INPUT DATA
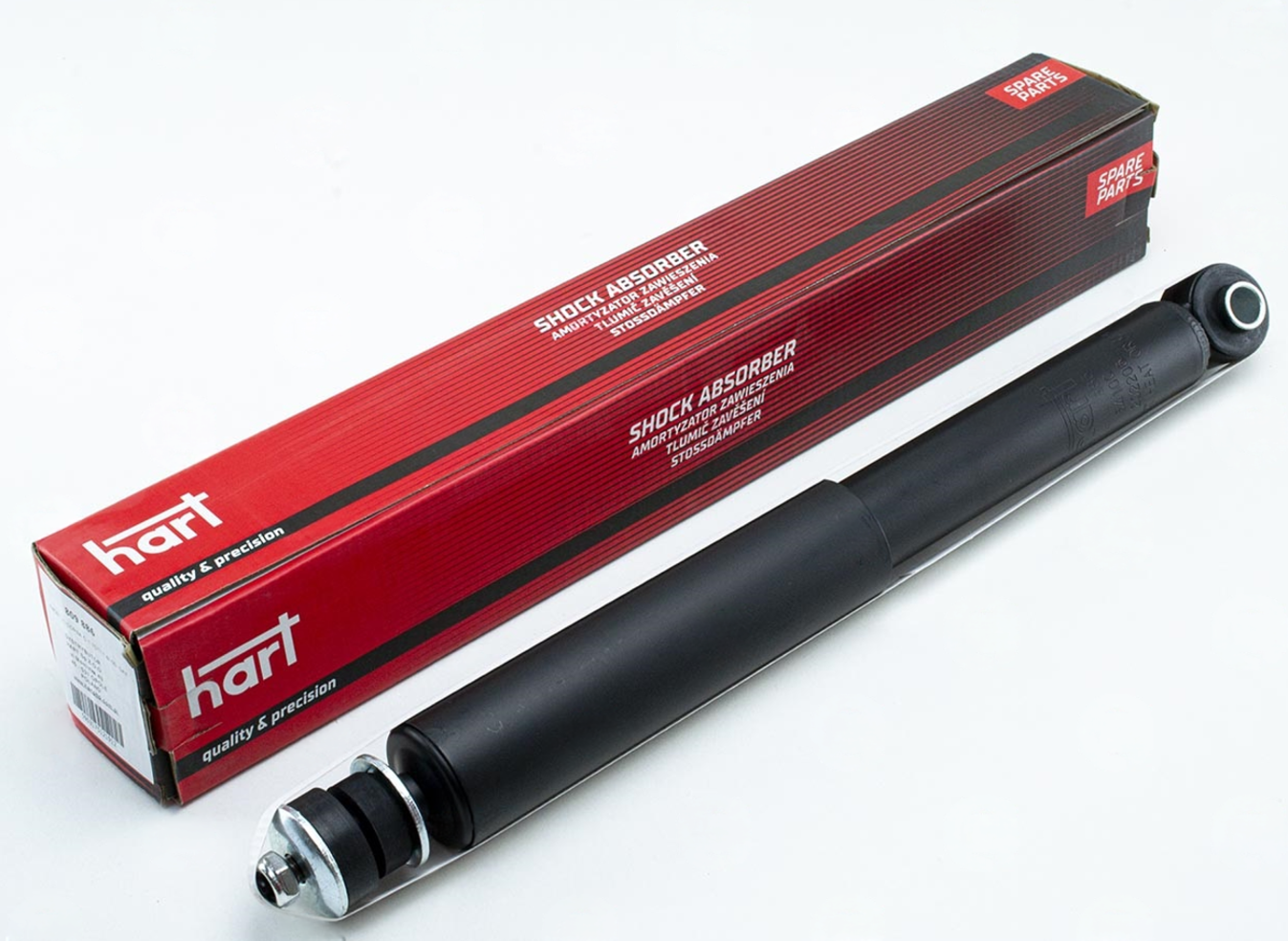 амортизатор зад. Opel Corsa C 1.7D/1.8i 01->  (HART)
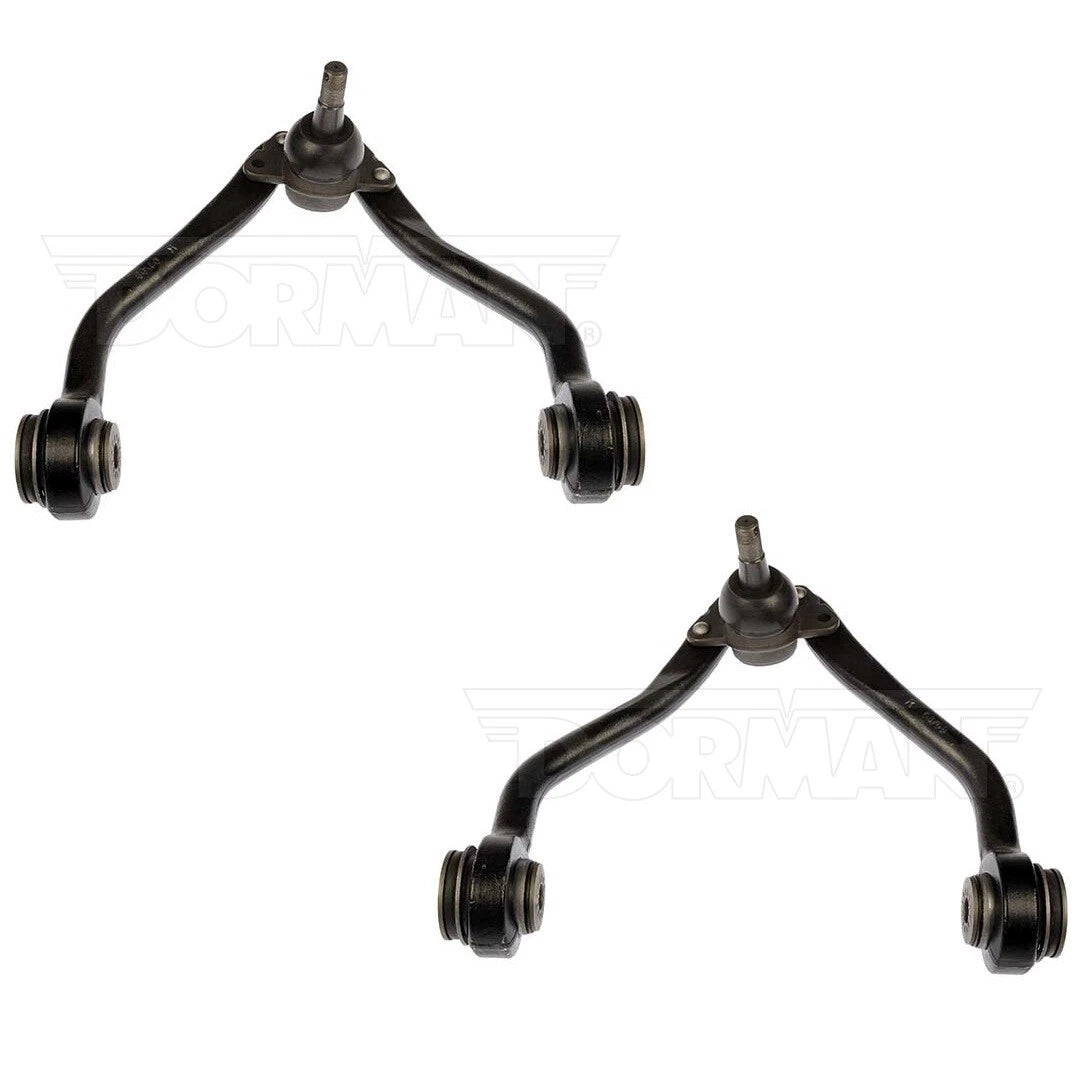 Set of 2 Front Upper Control Arm Ball Joints for Chevy GMC K2500
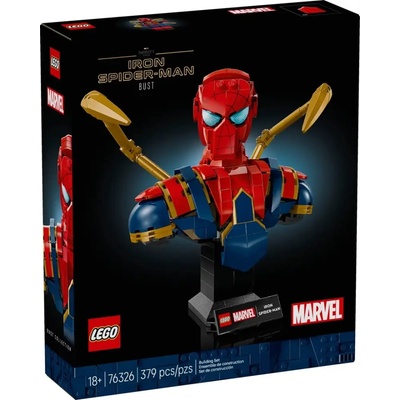 LEGO® marvel 76326 Бюст на Железния Спайдърмен (76326)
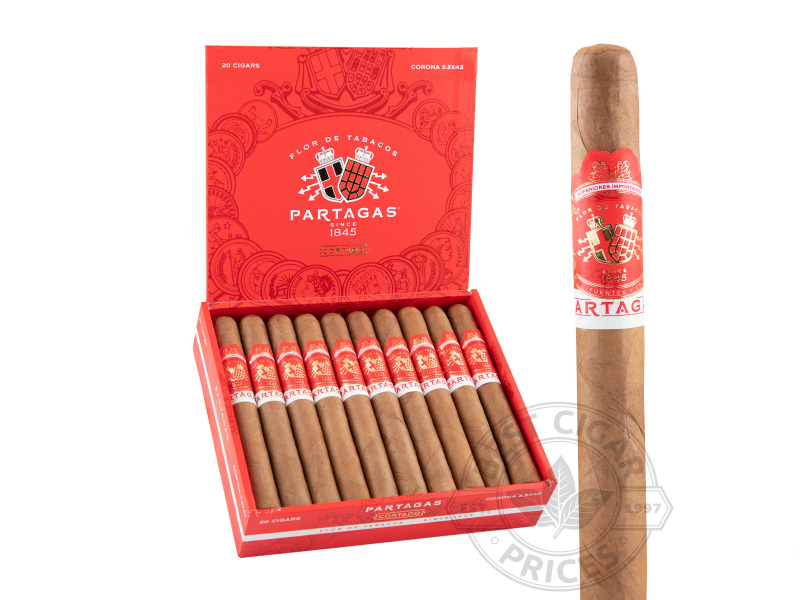 Partagas Cortado Corona - 20 Cigars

BRIEF
Could you restate exactly the lines from the line containing "LEGO® marvel 76326" through the end of the listing, both ends included and nothing else, leaving the images out?

PROBLEM SOLUTION
 LEGO® marvel 76326 Бюст на Железния Спайдърмен (76326)
 Partagas Cortado Corona - 20 Cigars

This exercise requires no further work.